The psychological aspect here and reason for posting such code snippets is that most everyone that reads this blog have been burned before by exactly these types of bugs & issues, and as such can relate to them and the hardship and/or fun times they often have presented.
It might not be for everyone, esp. not with the hardcore obtuse & implicit references that is required to understand the code snippets or images. But that is fine and precisely one of the things the Internets are good for (connecting tiny niche communities)
And lastly, seeing stuff that have failed can simply just be genuinely fun! "All aboard the fail boat"
@repi
Sure. I understand what this blog is about.
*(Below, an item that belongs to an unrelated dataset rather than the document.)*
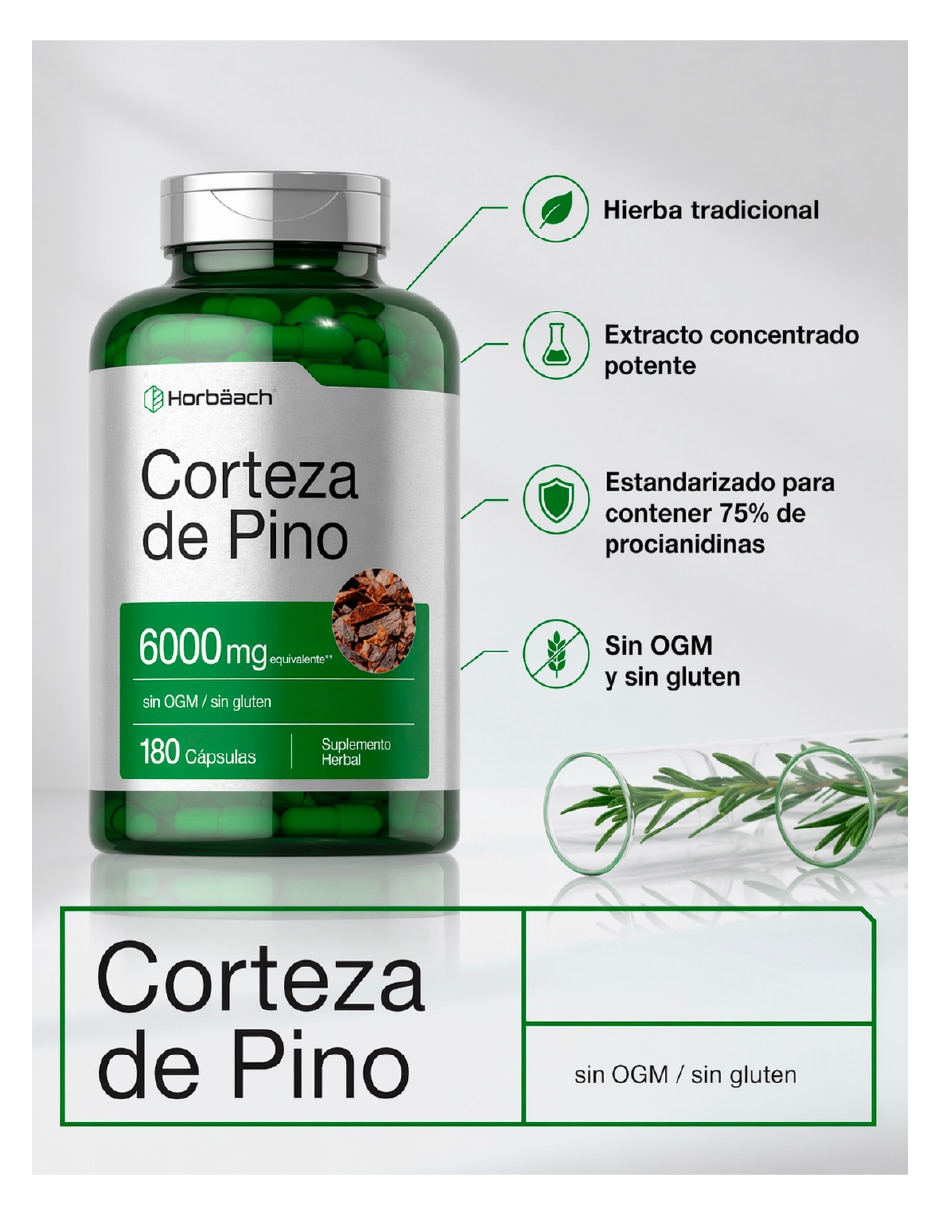 Corteza de pino 6000mg antioxidante natural americano Horbaach con extracto de corteza de pino de 180 caps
I want to get at something more specific with this example.
I don't like the term "bug". I prefer the model (I think due to Meyer) that programmers make errors and as a result inject defects into their code which might or might not manifest as failures in production.
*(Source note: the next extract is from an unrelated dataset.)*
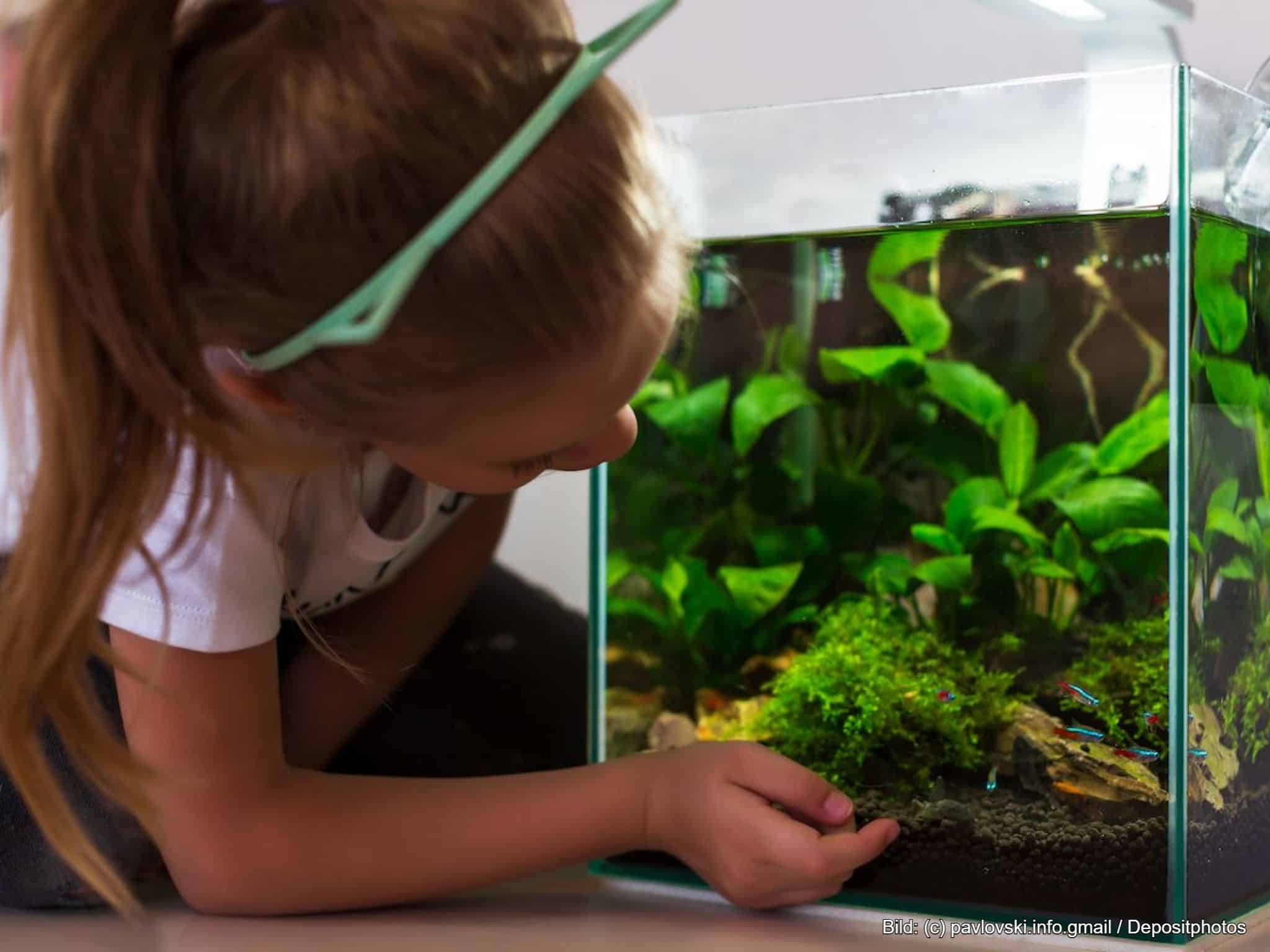 Nano Aquarium mit Pflanzen und Fischen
So, I ask you: what failures in production has this code caused?
And, if you believe it to be defective (I suppose so, since you posted it), what specific error do you think the programmer who wrote it made?
We don't know yet if it has caused any failures in shipping products or failures during development that have cost extra time to work around as this defect hadn't been found in so many years.
Most likely this error can create soft errors in areas of game code that typically are hard to find & debug, esp. as the user of the function often wouldn't consider that the core tan function is incorrectly implemented.
We have source revision history back to the exact changelist that added this defect and the intent of the programmer was to clamp unsafe inputs of multiple trigonometric functions that can require it such as atan & acos but at the same time incorrectly added the clamping to this function as well in the same change.
Easy mistake to do when copy'n'pasting code between the trigonometric functions without fully checking what the difference between them is.
@repi
I see. Many thanks for the additional detail.
Knowing that there is evidence from the version control that the programmer did make an error when this was written makes it much easier for me to interpret as a defect (rather than as a sloppily named implementation of an obscure thing).